Jerry Harrison singles chronology
| "Five Minutes" (1984) | "Rev It Up" (1988) | "Man with a Gun" (1988) |

Music video
- "Rev It Up" on YouTube

= Rev It Up (song) =

1988 single by Jerry Harrison: Casual Gods

"Rev It Up" is a song by American musician Jerry Harrison, performed with his band Casual Gods. Written by Harrison, John Sieger, and Ernie Brooks, the song features a prominent guitar riff created by Harrison and Alex Weir of American funk band the Brothers Johnson.
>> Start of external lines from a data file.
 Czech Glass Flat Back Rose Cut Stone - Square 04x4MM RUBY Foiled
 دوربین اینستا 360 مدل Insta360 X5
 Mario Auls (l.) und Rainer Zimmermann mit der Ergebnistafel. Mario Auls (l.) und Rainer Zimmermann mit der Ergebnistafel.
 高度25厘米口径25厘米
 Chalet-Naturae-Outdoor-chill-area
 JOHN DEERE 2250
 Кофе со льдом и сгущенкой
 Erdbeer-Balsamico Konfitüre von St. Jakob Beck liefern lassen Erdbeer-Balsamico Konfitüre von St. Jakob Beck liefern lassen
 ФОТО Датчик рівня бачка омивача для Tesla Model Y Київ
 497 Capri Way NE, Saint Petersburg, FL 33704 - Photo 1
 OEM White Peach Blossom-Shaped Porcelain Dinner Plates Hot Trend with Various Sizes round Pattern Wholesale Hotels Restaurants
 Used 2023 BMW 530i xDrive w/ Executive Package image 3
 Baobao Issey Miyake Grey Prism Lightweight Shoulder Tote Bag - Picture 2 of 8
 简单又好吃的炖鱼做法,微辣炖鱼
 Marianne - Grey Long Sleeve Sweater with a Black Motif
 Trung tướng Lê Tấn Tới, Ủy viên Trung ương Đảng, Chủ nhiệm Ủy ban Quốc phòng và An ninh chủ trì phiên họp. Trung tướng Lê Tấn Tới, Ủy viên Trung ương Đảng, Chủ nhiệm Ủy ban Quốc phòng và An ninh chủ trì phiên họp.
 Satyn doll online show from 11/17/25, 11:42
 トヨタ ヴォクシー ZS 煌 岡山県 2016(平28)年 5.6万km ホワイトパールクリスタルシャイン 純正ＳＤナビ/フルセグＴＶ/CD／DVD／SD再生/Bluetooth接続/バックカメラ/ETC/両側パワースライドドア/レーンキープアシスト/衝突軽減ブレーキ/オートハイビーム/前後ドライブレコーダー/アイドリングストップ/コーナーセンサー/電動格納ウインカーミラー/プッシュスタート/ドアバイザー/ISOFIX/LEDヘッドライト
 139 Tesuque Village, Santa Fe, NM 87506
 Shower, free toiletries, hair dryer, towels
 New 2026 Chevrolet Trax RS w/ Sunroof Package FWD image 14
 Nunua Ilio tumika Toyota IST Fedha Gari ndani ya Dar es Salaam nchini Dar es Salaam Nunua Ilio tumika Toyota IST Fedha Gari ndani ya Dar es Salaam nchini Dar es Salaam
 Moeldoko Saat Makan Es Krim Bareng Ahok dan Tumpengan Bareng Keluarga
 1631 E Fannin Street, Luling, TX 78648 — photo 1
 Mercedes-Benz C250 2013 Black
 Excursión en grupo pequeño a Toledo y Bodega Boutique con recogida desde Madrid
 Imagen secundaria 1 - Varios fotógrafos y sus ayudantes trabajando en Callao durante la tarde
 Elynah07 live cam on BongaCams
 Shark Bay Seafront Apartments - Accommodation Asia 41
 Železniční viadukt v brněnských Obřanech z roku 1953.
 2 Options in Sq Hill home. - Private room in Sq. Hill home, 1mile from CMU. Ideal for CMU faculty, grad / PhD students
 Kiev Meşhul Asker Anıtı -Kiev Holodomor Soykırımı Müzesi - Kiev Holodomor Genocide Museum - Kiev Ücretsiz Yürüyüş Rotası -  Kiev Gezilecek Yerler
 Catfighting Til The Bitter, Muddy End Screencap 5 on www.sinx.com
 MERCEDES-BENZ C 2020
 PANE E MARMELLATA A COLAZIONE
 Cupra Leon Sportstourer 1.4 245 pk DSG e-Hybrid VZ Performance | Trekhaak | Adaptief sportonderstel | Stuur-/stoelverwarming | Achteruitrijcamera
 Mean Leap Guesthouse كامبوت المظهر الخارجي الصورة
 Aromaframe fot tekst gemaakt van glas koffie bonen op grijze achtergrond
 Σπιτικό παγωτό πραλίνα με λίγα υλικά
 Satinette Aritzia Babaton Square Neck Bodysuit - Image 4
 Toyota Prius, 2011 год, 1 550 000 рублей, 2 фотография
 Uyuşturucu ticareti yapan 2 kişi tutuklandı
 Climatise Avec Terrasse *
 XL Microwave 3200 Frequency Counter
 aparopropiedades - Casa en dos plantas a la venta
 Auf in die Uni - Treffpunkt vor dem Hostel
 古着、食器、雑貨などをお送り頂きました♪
The track was recorded in a bomb shelter in Milwaukee, Wisconsin, along with most of Harrison's second album, Casual Gods (1988), on which the song appears as the opening track.

"Rev It Up" was released as the album's lead single in the United States in January 1988. The song reached number seven on the US Billboard Album Rock Tracks chart and became a top-10 hit in Australia and New Zealand, peaking at numbers three and six, respectively. The song's music video, directed by Harrison and produced by Bell One Productions, was filmed in New York and features babies at a biker bar riding Big Wheels.

==Background==
In the 2021 podcast "This Must Be Talking Heads", Jerry Harrison explained that before the song's creation and in between recording sessions with Talking Heads, he had returned to his hometown of Milwaukee, Wisconsin, to support his mother. He eventually met a young group of musicians and asked them if they knew where the best recording studio in the city was, and they suggested recording with David Vartanian—whom Harrison had been acquainted with during his childhood—in a studio he had built in a bomb shelter. Vartanian agreed to rent Harrison the studio, and he recorded the entire Casual Gods album there except for "A.K.A. Love", which was recorded at Sigma Sound Studios in New York City.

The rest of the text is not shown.